- Problem to solve -
Below are the records; copy exactly the stretch from the line containing "3 Habitaciones Y" through the line containing "Un tank ucraino a Severodonetsk (LaPresse)", both ends included, and nothing else.

- Records for this exercise -

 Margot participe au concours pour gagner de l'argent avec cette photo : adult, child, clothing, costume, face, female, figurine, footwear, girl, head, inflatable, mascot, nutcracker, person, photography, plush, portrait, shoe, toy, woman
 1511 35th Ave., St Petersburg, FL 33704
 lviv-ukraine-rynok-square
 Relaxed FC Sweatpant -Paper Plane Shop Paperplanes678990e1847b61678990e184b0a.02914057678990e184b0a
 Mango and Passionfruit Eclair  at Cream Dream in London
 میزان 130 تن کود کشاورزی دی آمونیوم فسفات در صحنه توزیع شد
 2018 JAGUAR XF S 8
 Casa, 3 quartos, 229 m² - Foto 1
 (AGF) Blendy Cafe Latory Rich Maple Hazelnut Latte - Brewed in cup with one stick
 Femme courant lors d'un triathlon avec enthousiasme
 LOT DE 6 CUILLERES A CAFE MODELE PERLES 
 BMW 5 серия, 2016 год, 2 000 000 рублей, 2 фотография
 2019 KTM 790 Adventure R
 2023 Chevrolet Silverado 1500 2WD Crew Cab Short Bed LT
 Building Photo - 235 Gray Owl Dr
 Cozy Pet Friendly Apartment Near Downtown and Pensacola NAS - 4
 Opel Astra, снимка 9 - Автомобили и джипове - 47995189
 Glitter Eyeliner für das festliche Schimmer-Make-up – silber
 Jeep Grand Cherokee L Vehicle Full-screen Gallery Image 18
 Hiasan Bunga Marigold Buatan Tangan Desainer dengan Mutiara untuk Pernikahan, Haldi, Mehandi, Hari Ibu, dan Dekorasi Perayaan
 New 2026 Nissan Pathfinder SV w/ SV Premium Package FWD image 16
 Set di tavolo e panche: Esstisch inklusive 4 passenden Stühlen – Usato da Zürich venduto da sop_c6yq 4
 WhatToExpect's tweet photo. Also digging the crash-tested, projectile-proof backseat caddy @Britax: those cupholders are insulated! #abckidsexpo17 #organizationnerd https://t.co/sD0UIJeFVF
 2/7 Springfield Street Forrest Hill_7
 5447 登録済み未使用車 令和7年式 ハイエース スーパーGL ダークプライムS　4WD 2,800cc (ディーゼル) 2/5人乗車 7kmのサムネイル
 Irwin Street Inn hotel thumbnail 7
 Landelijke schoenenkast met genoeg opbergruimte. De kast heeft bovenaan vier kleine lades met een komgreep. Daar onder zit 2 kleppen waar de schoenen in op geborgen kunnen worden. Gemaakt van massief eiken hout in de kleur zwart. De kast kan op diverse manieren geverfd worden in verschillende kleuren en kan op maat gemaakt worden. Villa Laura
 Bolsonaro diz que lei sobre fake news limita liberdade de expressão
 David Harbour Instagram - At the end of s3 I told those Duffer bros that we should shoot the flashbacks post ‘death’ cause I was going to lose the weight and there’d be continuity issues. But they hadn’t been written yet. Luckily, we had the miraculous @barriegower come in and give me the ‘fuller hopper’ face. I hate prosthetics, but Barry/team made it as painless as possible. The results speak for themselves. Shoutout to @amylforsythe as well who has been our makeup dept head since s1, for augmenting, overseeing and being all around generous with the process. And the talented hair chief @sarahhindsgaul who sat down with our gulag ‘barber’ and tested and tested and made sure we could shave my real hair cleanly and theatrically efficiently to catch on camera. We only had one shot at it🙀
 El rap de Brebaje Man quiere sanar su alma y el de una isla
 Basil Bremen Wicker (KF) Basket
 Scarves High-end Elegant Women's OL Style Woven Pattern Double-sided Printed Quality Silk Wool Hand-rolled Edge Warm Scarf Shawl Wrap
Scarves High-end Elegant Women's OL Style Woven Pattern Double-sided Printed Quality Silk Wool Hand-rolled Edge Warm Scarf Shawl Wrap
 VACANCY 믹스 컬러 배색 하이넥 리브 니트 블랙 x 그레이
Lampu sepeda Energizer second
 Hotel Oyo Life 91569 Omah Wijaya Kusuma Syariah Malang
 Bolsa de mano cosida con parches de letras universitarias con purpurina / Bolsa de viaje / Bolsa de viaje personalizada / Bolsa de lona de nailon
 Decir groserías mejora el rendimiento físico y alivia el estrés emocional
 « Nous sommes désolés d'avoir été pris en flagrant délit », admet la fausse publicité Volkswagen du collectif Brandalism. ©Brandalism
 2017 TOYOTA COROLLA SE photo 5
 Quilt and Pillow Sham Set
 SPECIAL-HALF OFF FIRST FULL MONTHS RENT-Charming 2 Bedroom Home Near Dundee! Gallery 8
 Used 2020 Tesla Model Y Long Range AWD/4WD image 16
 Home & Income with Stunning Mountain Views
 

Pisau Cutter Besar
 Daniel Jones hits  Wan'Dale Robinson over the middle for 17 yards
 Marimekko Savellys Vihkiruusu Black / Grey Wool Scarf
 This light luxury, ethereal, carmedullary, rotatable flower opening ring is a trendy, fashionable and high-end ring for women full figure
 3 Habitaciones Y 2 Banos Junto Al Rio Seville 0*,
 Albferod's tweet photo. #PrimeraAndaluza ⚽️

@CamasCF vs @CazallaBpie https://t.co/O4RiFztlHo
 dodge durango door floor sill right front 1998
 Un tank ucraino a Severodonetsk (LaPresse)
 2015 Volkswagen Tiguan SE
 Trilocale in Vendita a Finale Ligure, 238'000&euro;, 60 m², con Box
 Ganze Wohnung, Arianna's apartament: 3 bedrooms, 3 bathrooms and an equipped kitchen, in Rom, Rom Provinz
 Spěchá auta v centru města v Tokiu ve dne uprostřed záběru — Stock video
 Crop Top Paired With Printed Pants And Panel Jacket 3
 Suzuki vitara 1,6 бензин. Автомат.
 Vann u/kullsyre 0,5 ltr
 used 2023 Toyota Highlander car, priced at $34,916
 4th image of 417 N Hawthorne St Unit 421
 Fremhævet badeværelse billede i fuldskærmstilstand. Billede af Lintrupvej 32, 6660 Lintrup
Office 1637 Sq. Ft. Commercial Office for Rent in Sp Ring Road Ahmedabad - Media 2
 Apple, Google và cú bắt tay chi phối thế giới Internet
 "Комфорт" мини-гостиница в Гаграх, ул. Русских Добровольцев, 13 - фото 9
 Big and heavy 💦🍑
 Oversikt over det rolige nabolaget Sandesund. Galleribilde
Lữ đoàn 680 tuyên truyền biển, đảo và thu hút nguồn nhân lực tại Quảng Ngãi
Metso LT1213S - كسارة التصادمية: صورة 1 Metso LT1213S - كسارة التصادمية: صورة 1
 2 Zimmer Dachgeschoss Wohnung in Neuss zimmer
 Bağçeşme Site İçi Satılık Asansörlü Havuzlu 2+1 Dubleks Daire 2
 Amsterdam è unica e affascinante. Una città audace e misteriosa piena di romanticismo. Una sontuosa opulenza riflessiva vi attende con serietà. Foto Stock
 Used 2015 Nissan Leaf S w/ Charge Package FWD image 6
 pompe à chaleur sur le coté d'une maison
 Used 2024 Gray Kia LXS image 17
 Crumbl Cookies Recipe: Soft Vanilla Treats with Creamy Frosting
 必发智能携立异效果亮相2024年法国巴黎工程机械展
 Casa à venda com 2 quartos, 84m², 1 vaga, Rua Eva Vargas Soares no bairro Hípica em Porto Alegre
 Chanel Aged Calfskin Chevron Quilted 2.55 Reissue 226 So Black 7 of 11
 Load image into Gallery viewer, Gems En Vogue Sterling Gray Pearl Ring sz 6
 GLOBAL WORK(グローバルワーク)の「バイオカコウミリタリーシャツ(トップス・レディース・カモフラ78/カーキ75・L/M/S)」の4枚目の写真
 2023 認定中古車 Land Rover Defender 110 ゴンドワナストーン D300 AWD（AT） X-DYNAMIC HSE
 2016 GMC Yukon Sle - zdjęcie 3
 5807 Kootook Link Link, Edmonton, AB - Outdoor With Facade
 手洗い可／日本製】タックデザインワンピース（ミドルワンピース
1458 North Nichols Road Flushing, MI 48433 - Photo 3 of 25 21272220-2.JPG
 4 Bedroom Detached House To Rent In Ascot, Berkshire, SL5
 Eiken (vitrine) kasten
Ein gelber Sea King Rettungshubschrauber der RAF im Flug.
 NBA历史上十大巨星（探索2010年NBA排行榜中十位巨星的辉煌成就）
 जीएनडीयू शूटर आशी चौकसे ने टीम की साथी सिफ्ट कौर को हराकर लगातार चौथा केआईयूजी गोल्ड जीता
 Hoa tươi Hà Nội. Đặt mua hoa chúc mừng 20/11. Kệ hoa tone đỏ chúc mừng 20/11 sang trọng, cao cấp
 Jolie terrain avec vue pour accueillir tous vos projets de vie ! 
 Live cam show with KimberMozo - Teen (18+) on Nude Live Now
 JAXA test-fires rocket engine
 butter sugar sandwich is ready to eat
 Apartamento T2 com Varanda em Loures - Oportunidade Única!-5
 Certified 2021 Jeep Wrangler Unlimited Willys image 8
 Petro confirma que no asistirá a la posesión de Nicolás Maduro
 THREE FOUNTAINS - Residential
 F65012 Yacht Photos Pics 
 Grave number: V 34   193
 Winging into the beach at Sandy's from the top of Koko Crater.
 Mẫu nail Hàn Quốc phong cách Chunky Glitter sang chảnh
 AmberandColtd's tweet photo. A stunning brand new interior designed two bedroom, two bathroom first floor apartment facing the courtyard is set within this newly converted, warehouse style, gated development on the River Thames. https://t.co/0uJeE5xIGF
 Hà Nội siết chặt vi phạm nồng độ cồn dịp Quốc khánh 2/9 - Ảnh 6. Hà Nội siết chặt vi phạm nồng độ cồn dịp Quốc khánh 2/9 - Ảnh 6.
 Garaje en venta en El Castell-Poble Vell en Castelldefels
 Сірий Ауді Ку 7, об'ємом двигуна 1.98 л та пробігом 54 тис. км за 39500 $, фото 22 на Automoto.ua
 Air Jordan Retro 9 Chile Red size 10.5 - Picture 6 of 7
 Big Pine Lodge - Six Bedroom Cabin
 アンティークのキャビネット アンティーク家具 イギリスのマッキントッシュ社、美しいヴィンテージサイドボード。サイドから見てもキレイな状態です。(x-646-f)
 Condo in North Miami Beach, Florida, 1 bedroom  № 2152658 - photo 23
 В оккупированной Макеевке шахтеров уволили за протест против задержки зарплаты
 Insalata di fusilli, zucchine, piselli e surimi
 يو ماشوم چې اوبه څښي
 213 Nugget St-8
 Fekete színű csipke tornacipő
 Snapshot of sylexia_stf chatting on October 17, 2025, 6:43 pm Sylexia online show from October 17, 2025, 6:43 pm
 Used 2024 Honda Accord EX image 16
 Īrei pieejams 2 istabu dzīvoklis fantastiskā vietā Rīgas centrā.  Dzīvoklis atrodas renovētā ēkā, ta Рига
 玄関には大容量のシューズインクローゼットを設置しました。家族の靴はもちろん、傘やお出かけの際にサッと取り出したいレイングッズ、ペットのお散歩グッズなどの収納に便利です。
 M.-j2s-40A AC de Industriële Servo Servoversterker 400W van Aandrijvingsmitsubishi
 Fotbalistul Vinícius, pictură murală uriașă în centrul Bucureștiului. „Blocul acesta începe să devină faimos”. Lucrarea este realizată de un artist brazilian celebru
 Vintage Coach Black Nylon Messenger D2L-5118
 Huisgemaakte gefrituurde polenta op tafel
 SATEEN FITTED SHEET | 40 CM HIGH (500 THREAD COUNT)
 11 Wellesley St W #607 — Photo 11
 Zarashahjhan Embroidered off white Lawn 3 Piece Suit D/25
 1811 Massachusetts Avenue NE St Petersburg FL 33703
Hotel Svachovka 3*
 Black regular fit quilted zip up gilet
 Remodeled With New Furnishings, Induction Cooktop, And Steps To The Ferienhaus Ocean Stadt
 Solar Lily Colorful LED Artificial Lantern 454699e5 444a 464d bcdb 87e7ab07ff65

- Result -
 3 Habitaciones Y 2 Banos Junto Al Rio Seville 0*,
 Albferod's tweet photo. #PrimeraAndaluza ⚽️

@CamasCF vs @CazallaBpie https://t.co/O4RiFztlHo
 dodge durango door floor sill right front 1998
 Un tank ucraino a Severodonetsk (LaPresse)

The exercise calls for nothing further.